Com'è noto, l'art. 12, comma 2, della legge 28 dicembre 2001, n. 448, modificando l'art. 2 del D.L.vo n. 546/1992 (che aveva devoluto alle commissioni tributarie le controversie sui soli tributi ivi tassativamente elencati) ha realizzato l'unificazione della giurisdizione tributaria in capo alle commissioni, disponendo che a queste ultime è attribuita la cognizione dei tributi di ogni genere e specie, compresi quelli regionali, provinciali e comunali oltre che delle sanzioni amministrative, degli interessi e di ogni altro accessorio.

Quindi una giurisdizione tributaria piena. Tale disposizione sancisce, inoltre, che la giurisdizione del giudice ordinario civile (art. 9 c.p.c.) residua solo per le controversie riguardanti gli atti dell'esecuzione forzata tributaria successivi alla notifica della cartella esattoriale.

Pertanto, le liti relative a qualsiasi tributo, compresi i diritti doganali e le accise (comprendenti queste ultime le imposte di fabbricazione sugli oli minerali, sulla birra, sugli spiriti e sui fiammiferi) anche se instaurate successivamente all'entrata in vigore della cennata legge n. 448/2001, sono ora oggetto della giurisdizione speciale tributaria.

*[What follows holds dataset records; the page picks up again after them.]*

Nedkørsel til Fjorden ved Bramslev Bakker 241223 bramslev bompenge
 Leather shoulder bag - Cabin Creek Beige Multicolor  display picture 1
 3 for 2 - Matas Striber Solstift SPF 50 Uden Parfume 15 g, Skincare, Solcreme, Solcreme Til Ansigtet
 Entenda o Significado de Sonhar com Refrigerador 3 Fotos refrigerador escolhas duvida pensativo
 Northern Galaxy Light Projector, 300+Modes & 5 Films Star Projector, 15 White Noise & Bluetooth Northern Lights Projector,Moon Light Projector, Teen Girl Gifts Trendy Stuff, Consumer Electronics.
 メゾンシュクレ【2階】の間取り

L'attuale giurisdizione tributaria è quindi delimitata esternamente dalla nozione di tributo; pertanto, alla luce della più recente concezione del «tributo», devono essere radicate dinanzi alle commissioni le controversie che abbiano ad oggetto quelle prestazioni patrimoniali imposte finalizzate a realizzare il concorso dei consociati alla spesa pubblica. Al riguardo, va richiamato l'importantissimo ruolo svolto dalla giurisprudenza che, nel ridefinire l'ambito di applicazione dell'art. 9 c.p.c., ha adottato una nozione ampia di tributo, comprendente anche, ad esempio, il «canone televisivo» (Cass. 25 novembre 1986, n. 6937, in Rass. trib. 1987, 11, 97) e lo «sconto obbligatorio dei medicinali» (Cass. 28 maggio 1980, n. 3433, in Foro it. 1982, 1, 1399).

Sono, dunque, escluse dalla giurisdizione tributaria tutte le liti riguardanti prestazioni patrimoniali imposte non aventi la finalità di realizzare il concorso alla spesa pubblica, nonché quelle concernenti prestazioni comunque qualificate dall'esistenza di vincoli di tipo sinallagmatico tra debitore e creditore (tali sono, ad esempio, le entrate di natura patrimoniale dello Stato e degli enti locali, devolute alla giurisdizione dell'autorità giudiziaria ordinaria, quali «i canoni demaniali») (Comm. trib. prov. Siena 5 maggio 1997, n. 204, in Riv. giur. trib. 1997, p. 952) ed «i canoni comunali per la somministrazione dell'acqua potabile» (Cass., S.U., 12 luglio 2001, n. 9489, in Mass. Giust. civ. 2001; Cass., S.U., 24 luglio 2000, n. 520, in Mass. Giust. civ. 2000).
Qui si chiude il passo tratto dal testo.